== WHAT YOU WILL DO ==
Every line in the records below with the string "Button" needs to be copied out.

== Extracted records ==
= = = =

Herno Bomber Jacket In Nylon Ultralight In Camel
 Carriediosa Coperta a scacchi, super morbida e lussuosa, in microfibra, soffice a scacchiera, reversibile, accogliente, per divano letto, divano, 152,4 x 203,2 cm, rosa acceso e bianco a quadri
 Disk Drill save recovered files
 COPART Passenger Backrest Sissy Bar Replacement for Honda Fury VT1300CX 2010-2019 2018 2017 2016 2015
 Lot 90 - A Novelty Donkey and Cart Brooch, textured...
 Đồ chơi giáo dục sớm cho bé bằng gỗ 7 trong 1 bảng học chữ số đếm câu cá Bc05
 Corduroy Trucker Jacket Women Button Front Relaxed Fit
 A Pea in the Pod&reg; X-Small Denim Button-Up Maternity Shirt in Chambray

= = = =

== RESULT ==
 Corduroy Trucker Jacket Women Button Front Relaxed Fit
 A Pea in the Pod&reg; X-Small Denim Button-Up Maternity Shirt in Chambray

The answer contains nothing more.